Mikey Johnston was on the right.

I have no idea where Ryan Christie was meant to be.

It is so, so, so stupid. There was no need for it at all. He had the players to play a straight 4-4-2, and he opted, instead, for playing with the tactics board like a kid with his first set of Mobil blocks. The performance was not in the least bit surprising to me.

If he does this in midweek, we will get beat. If he does it at Hearts, we will drop points.

If he tries any of his over-elaborate idiocy at Ibrox we’ll get tanked.

There are people still living in denial about Tuesday. I don’t know how they can be in denial right now. I do not believe for one second that they would still have been in denial had we gone out of the League Cup this afternoon … and we were close.

Lennon rode his luck today and no mistake. He rode it right round the rim. One slip … and it’d have been all over, for a whole lot of people.

Forrest’s winner was deflected into the net.

Sometimes you hit the mark and sometimes you don’t … and today our incredible run of form in the cup competitions was decided on a break of the ball.

There are those who think that talk of boycotts and protests, pressuring Lawwell to quit, has come too soon.

They think questioning the manager is something that still ought to be deferred.

In my opinion we’re in a far more horrible place than that.

It may well be that such talk has come too late, that the damage is already done, that the first stones are rolling down the mountain, presaging the avalanche. I know this; if this goes all the way bad, it’ll be destructive enough that nobody can possibly mistake it for anything other than a disaster.

Today I was waiting for the sky to fall. Helpless, unable to influence what was unfolding, I was waiting for the moment that brought everything crashing down. Forrest’s goal was a relief so great that I felt momentarily dizzy and then sick.

When you look at the full picture you see how serious this is.

It’s not about one result, one bad night at the office, a set of tactical decisions which are indefensible and which the manager refuses to even acknowledge that he got wrong. It’s his hiring in the first place, the total absence of systems to support him, the complete lack of a strategy underpinning it all.

For the first time ever, I really believe we might lose this league.

Not only did we fail to prepare for Europe, but we’ve imperilled our domestic dominance at the same time, by a combination of factors and disastrous decisions.

With any major disaster, there is usually a warning just beforehand.

I wrote last year about the Great Cascadia Fault-Line and how one day it will devastate the Pacific Northwest; if you were there at that moment you would feel something akin to that impression of falling when you’re dreaming and you jerk wide awake, except this will be an actual physical sensation. Then the dogs will start to howl and for around a half a minute you’ll be suspended in an eerie bubble of bewilderment and a growing, swelling fear. And then it’ll hit you.

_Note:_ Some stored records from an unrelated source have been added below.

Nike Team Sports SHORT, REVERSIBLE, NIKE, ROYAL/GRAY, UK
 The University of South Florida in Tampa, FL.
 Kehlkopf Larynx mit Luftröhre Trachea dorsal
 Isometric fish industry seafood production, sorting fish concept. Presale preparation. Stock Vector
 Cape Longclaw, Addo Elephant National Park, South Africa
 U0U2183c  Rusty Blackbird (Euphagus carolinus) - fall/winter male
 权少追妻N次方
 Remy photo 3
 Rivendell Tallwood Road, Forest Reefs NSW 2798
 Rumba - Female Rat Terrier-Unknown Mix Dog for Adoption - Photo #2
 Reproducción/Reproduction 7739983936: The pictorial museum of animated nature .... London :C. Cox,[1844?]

In a similar manner, if you’re standing on a beach and you watch the tide suddenly sweep out, leaving you able to actually see the ocean floor, fish, corals and all, then you should run and you should not stop until you reach high ground, because that’s your tsunami warning … and even armed with that foreknowledge you don’t have an awful lot of time.

I don’t know if the dogs are howling yet, but Tuesday night gave us all a sudden jolt.

Yet a lot of people are still not quite grasping the full seriousness of what we witnessed.

Today we can hear the swelling roar of the ocean rising up.

Whilst I was refreshing myself on the mechanics of what tsunami experts call the drawback, I came across a picture of kids playing on a beach in Thailand, in which some folk are standing around or picking up shells on sand that moments before had been completely under water.

In the background of that picture you can see the white of the incoming wave … and only a couple of people are running.

That photo was taken at Phuket, on Boxing Day 2004. 259 people died in that general area, amongst the 4000 who were killed on the west coast of the country during that particular disaster.

I don’t know what’s heading for us in the next few weeks or months, but I’m bracing myself for it.

It’s too late to do anything else.

If I’m wrong we’ve got nothing to worry about.

If myself and others are right, the tsunami’s already on its way.